-- PROVIDED DATA --
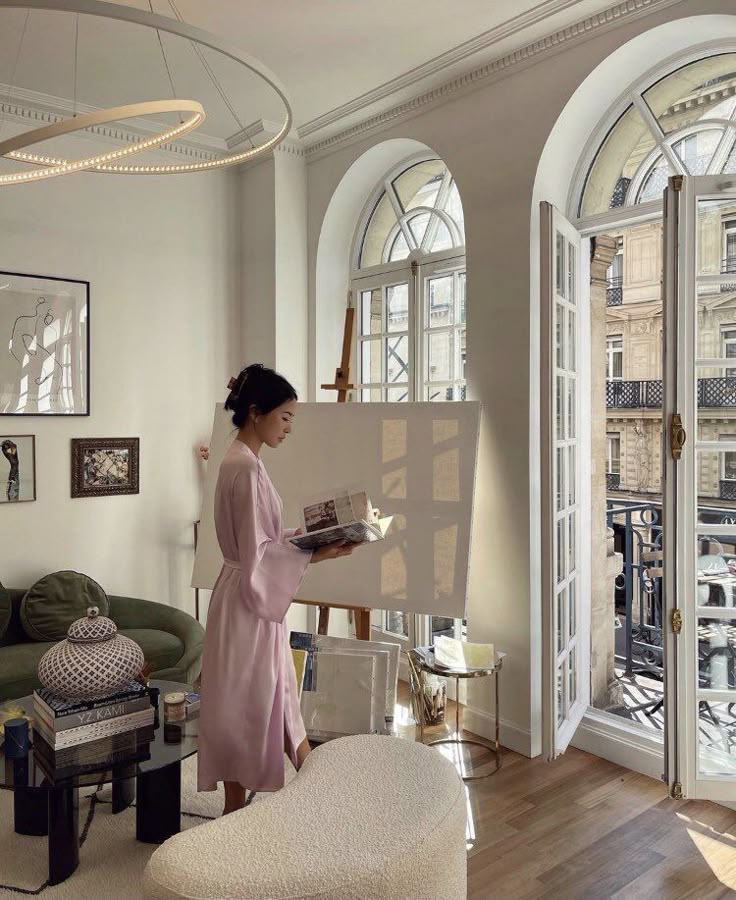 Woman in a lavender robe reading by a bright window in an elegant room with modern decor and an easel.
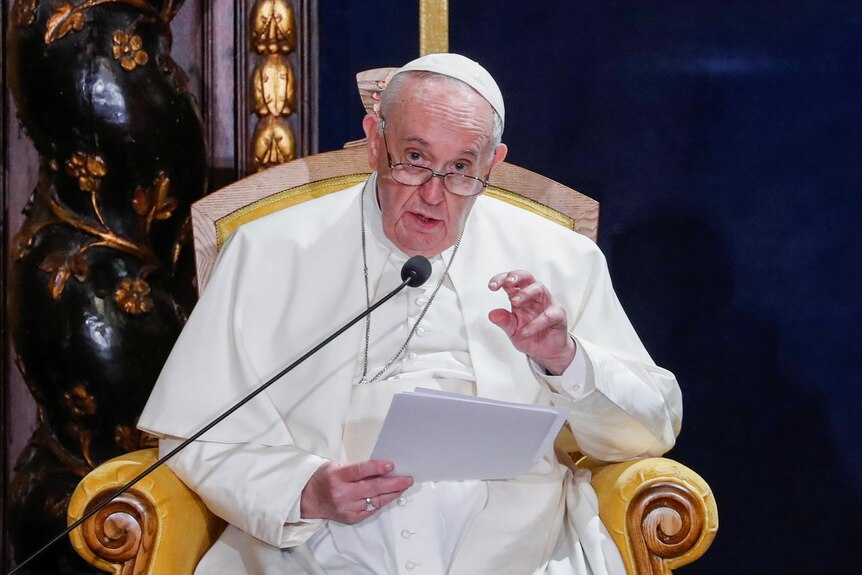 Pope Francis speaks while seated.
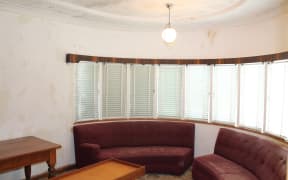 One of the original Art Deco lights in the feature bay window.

--

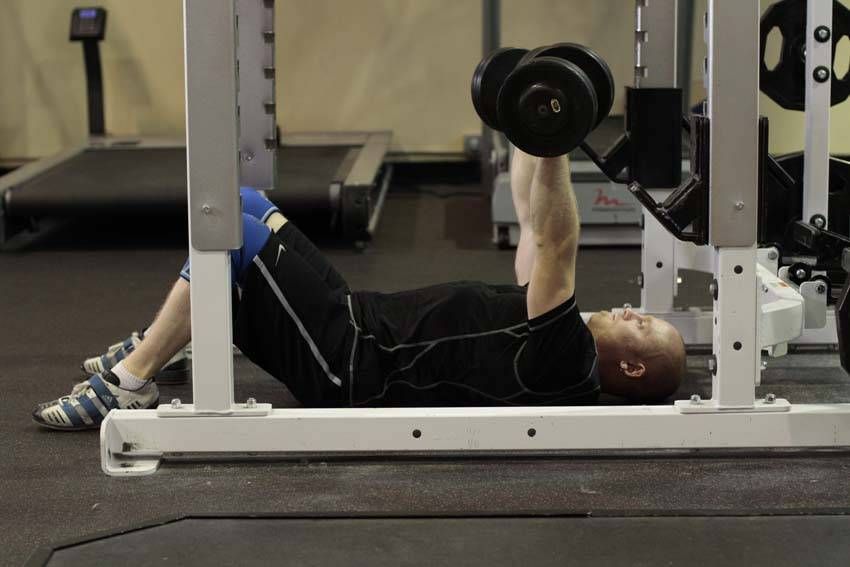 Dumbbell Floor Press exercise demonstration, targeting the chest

-- EXERCISE AIM --
Which part of the entries opens with the line containing "Woman in a lavender" and closes with the line containing "One of the original"? Output that part exactly, ends included, pictures excluded.

-- FINISHED TASK --
 Woman in a lavender robe reading by a bright window in an elegant room with modern decor and an easel.
 Pope Francis speaks while seated.
 One of the original Art Deco lights in the feature bay window.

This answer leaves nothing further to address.